**TASK OBJECTIVE:**
What must be written out is each line from the one holding "Può includere: Due" through the end of the records, word for word, minus any pictures.

══ SUPPLIED ENTRIES

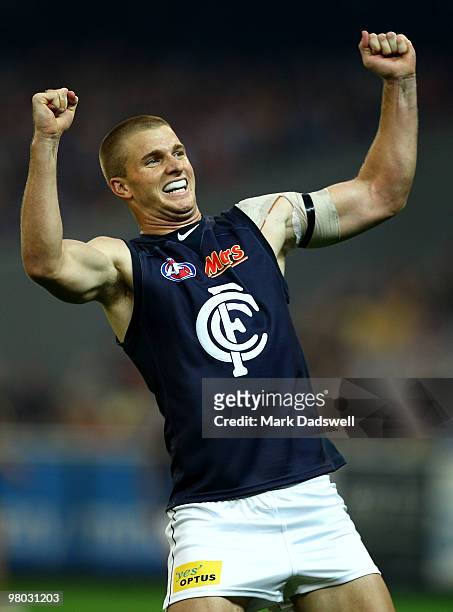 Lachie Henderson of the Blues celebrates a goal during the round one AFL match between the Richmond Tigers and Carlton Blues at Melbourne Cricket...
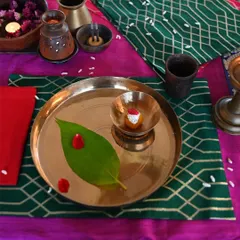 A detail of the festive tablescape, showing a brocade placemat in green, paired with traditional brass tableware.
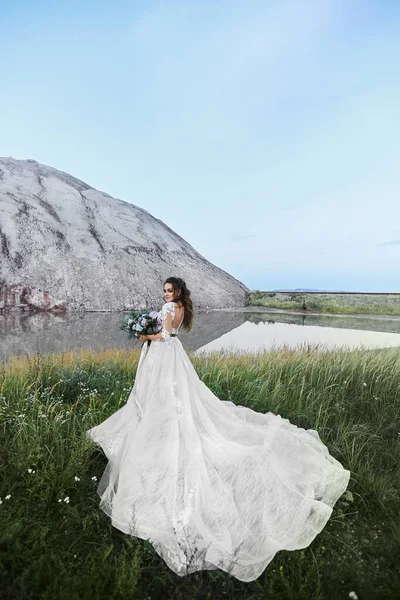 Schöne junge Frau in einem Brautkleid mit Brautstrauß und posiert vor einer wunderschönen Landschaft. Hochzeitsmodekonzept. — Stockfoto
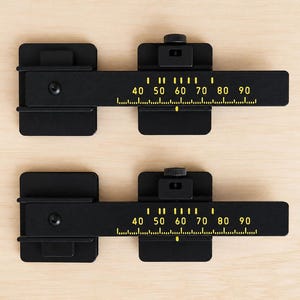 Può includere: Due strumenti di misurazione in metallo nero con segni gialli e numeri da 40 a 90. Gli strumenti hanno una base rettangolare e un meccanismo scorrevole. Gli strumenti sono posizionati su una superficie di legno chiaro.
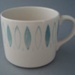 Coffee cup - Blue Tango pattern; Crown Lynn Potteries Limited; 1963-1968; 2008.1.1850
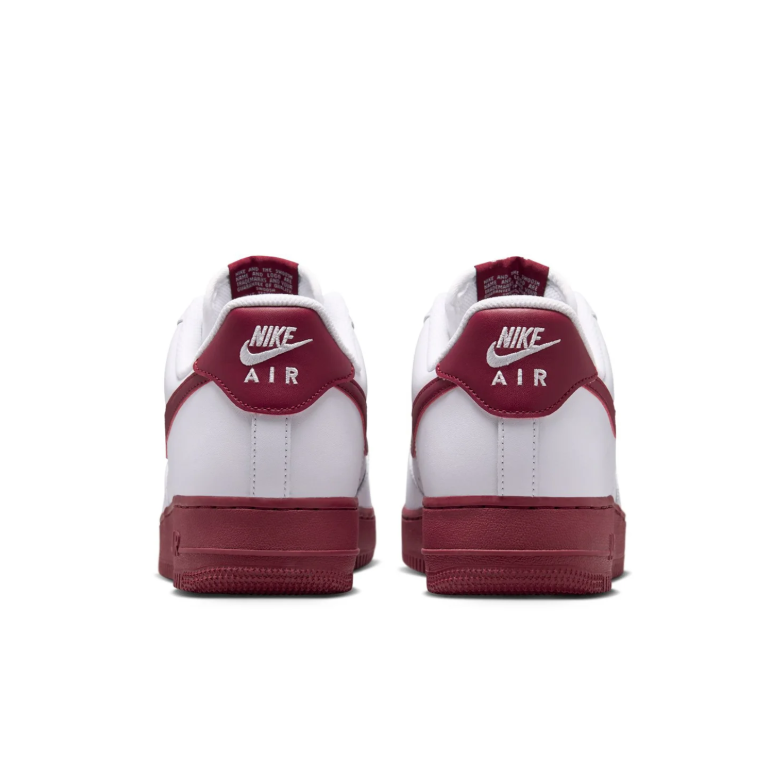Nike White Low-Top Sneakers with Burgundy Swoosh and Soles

════

**FINISHED TASK:**
 Può includere: Due strumenti di misurazione in metallo nero con segni gialli e numeri da 40 a 90. Gli strumenti hanno una base rettangolare e un meccanismo scorrevole. Gli strumenti sono posizionati su una superficie di legno chiaro.
 Coffee cup - Blue Tango pattern; Crown Lynn Potteries Limited; 1963-1968; 2008.1.1850
Nike White Low-Top Sneakers with Burgundy Swoosh and Soles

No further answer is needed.